On the other hand Trump will deliver on another, implicit promise to them, which is inflict pain and suffering on a great deal of people they dislike for whatever reason.
> What these people don't realize is even if they make 200K a year and drive an 85K financed F-250, they are effectively in the same class as someone making 50K a year managing a Dollar General.
More people making under 50K per year voted for Trump in 2024 than voted for Harris.
Your numbers are off.
I didn't say people making under 50k weren't voting for Trump. I was saying it's not exclusively some revolution of the poor (statistically it can't be). My larger point is it doesn't matter whether his voters make 50k or 200k, they are the lowest class in American society and voting for Trump and his attendant policies is against their own economic interests.
And despite economic prosperity being the cornerstone of his 2024 campaign, somehow it isn't anymore. Now his supporters have pivoted to this idea that we must all live in a kind of austerity so that collectively (waves hands around) we enter a new age of American prosperity. Literally this sea change in MAGA sentiment has happened in the last six weeks. It's baffling.
> On the other hand Trump will deliver on another, implicit promise to them, which is inflict pain and suffering on a great deal of people they dislike for whatever reason.

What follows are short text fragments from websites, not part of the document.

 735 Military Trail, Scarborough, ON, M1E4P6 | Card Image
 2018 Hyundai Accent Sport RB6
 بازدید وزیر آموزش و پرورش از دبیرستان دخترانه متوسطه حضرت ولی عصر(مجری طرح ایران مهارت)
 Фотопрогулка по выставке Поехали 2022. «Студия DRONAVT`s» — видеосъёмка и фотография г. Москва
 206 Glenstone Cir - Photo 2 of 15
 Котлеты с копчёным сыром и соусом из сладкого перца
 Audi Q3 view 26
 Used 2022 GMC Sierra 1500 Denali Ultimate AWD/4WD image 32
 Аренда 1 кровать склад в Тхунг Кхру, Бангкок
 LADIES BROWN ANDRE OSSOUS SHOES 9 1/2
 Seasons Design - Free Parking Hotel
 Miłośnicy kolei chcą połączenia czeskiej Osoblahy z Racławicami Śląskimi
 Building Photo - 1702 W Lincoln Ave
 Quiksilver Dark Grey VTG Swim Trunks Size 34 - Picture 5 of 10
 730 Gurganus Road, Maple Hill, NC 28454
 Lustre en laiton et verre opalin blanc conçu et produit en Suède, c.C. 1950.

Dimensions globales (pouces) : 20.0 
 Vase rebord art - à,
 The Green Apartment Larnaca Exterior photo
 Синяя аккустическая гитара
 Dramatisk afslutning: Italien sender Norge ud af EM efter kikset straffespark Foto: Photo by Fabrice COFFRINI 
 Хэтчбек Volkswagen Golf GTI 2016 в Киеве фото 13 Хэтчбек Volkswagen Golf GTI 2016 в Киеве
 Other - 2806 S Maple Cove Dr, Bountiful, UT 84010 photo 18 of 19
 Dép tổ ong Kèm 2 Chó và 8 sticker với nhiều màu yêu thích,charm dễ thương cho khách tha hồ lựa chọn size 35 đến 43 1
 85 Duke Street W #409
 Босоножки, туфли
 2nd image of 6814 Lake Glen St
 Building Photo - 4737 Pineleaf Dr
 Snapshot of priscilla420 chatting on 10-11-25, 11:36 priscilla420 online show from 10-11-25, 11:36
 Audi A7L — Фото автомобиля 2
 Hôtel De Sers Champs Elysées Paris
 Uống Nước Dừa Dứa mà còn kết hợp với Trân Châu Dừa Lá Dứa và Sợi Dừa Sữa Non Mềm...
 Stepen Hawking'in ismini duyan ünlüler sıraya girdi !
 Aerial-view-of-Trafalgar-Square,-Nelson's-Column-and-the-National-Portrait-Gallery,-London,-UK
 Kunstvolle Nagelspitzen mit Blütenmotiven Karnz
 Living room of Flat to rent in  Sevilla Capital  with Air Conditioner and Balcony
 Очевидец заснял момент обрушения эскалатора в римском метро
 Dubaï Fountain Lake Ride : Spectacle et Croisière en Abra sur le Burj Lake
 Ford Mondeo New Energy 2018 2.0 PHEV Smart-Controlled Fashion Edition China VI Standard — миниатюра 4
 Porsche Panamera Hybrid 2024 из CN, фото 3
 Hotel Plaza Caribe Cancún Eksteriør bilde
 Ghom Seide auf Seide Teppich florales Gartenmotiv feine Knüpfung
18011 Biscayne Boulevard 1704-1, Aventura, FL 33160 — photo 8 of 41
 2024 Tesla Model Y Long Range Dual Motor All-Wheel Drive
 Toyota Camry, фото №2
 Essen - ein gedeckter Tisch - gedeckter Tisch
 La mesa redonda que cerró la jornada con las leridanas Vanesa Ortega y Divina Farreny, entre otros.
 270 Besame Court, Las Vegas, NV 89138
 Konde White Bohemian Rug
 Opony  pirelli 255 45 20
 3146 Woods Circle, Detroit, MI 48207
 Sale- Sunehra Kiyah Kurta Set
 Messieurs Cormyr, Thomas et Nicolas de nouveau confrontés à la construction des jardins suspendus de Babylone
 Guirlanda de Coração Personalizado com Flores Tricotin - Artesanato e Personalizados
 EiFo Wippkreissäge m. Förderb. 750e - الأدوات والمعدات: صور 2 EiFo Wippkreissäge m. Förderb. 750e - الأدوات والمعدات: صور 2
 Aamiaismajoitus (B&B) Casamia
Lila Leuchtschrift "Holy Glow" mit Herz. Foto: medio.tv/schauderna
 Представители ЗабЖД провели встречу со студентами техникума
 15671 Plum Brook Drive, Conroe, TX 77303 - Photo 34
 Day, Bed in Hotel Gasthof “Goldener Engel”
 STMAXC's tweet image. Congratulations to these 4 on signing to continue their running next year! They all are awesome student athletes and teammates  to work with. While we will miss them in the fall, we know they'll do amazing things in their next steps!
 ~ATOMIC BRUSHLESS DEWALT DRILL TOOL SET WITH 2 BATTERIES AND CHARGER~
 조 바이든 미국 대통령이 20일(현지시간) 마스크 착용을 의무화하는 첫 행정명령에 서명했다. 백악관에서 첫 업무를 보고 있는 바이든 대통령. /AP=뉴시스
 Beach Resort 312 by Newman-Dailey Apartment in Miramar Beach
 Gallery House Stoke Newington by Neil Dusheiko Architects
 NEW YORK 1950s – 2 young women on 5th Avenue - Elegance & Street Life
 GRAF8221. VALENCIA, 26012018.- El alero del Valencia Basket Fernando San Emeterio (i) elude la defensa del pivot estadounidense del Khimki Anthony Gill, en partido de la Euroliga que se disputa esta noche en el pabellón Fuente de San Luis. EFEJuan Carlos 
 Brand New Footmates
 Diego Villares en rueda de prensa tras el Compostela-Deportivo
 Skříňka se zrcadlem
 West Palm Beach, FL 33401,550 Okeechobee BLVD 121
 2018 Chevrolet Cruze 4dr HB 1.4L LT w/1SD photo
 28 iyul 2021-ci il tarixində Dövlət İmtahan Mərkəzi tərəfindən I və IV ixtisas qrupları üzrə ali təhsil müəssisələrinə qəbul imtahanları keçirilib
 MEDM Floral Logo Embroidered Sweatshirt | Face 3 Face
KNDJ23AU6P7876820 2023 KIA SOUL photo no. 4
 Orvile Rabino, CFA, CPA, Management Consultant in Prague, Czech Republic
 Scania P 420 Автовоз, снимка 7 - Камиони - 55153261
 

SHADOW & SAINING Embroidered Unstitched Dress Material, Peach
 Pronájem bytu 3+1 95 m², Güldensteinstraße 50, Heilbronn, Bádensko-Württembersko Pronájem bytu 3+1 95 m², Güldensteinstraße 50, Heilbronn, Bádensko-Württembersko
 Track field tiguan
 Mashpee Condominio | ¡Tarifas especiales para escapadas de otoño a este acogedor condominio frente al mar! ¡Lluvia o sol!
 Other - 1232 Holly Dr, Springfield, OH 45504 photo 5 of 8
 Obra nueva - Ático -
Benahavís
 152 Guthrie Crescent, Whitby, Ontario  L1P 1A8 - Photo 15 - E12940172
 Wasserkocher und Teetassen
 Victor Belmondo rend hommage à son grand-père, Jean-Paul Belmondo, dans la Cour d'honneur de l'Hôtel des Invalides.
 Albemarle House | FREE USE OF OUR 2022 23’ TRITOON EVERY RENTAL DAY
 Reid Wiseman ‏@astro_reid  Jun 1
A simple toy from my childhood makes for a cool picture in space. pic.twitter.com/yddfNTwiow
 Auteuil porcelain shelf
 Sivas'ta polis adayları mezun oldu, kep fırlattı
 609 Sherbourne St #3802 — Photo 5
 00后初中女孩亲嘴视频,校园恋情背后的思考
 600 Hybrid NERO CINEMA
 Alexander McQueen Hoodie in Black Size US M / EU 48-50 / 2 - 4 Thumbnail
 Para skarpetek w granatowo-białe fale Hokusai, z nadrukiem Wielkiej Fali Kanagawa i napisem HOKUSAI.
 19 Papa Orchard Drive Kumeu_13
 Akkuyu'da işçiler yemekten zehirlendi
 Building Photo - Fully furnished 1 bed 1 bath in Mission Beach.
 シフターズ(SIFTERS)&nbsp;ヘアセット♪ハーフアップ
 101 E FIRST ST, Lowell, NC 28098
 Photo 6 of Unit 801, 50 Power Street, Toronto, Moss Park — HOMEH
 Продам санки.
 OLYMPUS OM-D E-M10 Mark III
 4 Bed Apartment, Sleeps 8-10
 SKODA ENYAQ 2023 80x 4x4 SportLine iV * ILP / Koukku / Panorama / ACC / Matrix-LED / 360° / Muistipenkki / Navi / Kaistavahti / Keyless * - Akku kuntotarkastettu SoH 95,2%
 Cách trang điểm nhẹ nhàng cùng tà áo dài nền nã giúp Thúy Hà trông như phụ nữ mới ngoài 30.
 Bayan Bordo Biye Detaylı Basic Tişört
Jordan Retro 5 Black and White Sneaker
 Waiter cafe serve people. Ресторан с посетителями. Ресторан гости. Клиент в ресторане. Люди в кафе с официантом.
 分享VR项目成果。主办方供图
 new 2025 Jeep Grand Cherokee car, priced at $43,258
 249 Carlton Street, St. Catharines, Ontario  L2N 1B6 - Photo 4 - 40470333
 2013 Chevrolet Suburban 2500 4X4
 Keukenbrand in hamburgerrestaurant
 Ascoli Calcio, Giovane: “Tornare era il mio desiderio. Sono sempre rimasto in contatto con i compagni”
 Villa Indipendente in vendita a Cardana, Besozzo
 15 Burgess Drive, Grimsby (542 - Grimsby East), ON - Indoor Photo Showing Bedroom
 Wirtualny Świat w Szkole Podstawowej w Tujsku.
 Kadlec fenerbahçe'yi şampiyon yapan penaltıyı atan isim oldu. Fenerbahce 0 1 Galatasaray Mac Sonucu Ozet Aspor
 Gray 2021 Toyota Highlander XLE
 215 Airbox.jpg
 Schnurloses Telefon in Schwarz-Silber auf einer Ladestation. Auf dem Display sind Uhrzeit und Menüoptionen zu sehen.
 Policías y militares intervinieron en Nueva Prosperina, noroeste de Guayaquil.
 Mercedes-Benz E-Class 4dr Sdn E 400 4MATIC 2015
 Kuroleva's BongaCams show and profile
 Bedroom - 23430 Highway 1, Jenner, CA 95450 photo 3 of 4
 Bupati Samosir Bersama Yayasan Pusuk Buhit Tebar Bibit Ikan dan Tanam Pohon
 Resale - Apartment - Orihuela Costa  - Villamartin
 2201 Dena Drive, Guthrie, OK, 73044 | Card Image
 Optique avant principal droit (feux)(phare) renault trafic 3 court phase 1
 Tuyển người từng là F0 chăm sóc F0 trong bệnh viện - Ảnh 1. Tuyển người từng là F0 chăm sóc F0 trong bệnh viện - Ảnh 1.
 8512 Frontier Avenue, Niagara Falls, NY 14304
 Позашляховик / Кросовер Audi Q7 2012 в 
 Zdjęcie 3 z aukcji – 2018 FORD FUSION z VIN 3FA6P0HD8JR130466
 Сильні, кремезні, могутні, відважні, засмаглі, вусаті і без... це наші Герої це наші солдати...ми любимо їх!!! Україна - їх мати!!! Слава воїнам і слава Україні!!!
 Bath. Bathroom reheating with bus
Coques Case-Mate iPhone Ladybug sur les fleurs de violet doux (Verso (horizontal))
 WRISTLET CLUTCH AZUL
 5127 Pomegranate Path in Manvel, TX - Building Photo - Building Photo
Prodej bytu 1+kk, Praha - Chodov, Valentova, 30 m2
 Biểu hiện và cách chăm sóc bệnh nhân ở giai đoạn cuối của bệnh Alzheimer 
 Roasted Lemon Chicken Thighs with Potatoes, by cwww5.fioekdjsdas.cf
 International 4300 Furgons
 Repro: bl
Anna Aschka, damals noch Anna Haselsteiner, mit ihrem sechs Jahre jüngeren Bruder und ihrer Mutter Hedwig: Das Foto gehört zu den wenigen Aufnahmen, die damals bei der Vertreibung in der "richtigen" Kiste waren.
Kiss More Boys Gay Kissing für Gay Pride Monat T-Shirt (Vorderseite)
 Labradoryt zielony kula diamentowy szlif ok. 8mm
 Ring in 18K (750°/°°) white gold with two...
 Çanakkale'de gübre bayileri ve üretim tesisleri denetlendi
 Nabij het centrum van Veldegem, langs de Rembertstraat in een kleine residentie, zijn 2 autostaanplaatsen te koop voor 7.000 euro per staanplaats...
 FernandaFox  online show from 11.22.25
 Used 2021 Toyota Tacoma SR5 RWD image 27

Not so implicit, "I will be your retribution".
And this part is very much a normal Republican position. The realisation that Americans will vote for a policy which hurts them so long as it's positioned as hurting the people they hate was key to Republican success.
"Nobody gets kicked in the head" loses in American politics if it's up against "Everybody gets kicked in the head, yes those awful people you don't like will get kicked in the head"
And when your implementation "accidentally" forgets to kick the wealthy in the head? Well the important thing is you kicked people in the head - you're not one of those scum who don't want to kick the awful people in the head.
> Not so implicit, "I will be your retribution".
I don't particularly like the idea of tariffs, but it is what it is.
Having to put up with policies you don't like is simply the social consequence of applying unpopular policies for four years in the other direction.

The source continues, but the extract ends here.